What the exercise asks: What lines in the records include the string "Free"? Return each one.

**** Input data

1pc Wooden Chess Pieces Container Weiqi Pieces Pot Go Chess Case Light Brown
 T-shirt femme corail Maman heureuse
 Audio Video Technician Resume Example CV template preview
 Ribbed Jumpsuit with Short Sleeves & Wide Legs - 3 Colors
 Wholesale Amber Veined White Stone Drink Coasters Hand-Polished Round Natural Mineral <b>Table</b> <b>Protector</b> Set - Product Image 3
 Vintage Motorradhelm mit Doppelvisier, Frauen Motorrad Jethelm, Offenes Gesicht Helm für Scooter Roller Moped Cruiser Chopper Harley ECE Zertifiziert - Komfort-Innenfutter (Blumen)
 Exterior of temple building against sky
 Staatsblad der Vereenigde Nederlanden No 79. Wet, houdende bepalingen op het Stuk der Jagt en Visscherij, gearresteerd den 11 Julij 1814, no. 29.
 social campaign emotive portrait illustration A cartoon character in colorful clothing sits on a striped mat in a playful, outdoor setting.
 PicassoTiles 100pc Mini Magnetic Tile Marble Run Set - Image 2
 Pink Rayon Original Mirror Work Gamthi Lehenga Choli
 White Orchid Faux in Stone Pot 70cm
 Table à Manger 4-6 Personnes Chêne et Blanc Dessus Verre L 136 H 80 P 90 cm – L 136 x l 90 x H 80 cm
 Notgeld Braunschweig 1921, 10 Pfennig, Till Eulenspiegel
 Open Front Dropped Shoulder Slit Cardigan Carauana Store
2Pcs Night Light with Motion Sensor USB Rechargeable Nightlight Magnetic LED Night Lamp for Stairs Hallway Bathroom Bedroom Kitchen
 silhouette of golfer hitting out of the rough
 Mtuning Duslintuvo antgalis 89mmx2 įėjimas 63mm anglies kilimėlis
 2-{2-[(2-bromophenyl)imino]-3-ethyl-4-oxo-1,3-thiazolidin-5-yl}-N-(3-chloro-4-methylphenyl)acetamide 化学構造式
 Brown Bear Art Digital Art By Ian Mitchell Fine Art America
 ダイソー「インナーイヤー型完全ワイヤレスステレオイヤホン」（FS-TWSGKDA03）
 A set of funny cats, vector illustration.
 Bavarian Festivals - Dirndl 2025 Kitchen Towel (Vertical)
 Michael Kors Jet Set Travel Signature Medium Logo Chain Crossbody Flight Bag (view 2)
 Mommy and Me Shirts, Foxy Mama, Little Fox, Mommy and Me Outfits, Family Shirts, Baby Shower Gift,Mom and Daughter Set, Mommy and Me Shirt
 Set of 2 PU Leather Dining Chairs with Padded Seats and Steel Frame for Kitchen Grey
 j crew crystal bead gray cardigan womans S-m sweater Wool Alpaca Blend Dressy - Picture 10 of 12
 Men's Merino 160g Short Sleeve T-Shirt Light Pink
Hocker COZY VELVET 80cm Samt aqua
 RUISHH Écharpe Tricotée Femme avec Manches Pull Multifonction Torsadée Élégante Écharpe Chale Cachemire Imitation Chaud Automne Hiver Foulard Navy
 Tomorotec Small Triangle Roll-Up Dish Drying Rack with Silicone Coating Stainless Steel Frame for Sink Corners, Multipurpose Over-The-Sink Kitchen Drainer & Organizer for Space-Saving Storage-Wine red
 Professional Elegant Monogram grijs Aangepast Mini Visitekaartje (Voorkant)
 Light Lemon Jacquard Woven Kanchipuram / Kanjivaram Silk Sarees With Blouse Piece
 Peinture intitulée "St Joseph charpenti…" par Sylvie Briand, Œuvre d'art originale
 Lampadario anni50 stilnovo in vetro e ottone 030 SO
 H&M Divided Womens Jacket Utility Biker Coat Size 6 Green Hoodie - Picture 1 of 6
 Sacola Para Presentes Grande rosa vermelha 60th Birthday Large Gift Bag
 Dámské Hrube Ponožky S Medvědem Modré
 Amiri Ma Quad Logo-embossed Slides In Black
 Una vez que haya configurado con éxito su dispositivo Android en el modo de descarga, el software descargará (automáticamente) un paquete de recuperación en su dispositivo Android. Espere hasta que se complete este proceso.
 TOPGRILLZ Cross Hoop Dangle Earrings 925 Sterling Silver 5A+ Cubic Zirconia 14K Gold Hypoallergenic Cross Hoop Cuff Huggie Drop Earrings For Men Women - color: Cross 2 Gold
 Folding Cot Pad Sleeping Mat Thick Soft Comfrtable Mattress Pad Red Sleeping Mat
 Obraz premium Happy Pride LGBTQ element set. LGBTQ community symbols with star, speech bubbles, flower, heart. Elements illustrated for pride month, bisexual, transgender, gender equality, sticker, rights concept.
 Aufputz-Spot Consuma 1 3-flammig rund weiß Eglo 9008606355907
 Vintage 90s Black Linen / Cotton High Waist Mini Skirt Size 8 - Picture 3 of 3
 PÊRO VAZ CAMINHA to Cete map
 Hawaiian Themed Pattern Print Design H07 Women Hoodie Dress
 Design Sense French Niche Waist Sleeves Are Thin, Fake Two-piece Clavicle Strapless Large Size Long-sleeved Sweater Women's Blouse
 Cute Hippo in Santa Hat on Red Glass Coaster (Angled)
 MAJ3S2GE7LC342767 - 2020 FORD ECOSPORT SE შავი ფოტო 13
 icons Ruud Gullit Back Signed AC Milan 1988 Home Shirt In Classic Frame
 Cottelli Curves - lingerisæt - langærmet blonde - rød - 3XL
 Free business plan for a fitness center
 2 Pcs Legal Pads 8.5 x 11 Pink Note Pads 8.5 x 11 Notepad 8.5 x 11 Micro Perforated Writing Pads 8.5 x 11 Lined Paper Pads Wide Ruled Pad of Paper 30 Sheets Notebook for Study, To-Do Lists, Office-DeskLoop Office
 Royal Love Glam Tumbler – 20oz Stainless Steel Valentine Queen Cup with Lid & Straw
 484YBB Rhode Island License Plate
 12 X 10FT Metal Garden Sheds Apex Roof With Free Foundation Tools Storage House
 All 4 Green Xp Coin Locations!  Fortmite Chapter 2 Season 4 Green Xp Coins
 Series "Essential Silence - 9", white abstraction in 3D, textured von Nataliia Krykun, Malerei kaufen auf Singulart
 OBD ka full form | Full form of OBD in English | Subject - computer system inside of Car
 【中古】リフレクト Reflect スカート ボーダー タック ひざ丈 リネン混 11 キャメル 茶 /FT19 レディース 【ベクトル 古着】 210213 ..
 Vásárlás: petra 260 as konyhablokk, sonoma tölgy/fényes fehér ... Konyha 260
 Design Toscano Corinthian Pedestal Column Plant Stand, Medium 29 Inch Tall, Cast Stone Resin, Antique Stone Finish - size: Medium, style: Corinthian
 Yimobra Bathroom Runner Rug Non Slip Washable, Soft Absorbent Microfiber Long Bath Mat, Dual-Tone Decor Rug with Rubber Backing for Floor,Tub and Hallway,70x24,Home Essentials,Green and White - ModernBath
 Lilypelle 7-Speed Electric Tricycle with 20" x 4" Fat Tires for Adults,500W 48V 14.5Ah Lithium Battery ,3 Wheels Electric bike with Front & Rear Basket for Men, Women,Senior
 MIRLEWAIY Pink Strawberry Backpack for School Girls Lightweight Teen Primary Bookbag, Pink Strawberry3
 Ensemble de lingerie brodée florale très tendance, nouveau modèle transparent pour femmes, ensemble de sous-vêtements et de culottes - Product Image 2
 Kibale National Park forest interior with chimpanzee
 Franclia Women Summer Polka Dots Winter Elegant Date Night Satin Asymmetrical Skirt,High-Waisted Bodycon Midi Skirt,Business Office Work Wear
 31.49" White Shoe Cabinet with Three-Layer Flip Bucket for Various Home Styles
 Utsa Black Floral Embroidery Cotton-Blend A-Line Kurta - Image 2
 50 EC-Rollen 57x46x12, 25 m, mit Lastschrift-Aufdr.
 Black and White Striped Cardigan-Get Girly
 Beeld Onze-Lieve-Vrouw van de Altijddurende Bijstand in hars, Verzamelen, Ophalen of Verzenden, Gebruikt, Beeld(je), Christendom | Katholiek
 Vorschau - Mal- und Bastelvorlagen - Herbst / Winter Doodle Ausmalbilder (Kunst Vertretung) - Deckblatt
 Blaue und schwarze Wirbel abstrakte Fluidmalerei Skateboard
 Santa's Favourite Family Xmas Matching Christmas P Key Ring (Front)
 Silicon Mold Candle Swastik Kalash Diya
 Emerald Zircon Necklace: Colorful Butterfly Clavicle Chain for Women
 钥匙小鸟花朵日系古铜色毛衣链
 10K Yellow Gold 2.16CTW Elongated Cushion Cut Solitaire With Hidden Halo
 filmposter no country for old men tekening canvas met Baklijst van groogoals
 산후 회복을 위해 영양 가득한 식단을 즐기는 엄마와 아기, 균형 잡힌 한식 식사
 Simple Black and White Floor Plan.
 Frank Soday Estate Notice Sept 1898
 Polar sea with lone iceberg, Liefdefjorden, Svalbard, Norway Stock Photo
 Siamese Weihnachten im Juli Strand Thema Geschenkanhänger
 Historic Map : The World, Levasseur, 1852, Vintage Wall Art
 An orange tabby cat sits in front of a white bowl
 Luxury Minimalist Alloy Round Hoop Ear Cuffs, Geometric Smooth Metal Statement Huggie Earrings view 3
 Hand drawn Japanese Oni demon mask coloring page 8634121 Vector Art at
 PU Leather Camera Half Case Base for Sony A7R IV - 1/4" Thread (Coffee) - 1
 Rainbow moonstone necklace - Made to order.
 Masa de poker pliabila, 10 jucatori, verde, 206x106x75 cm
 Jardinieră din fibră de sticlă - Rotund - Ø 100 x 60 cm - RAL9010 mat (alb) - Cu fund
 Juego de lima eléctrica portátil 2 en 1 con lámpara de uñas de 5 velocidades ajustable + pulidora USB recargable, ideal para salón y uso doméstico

********

Task result:
 Free business plan for a fitness center
 12 X 10FT Metal Garden Sheds Apex Roof With Free Foundation Tools Storage House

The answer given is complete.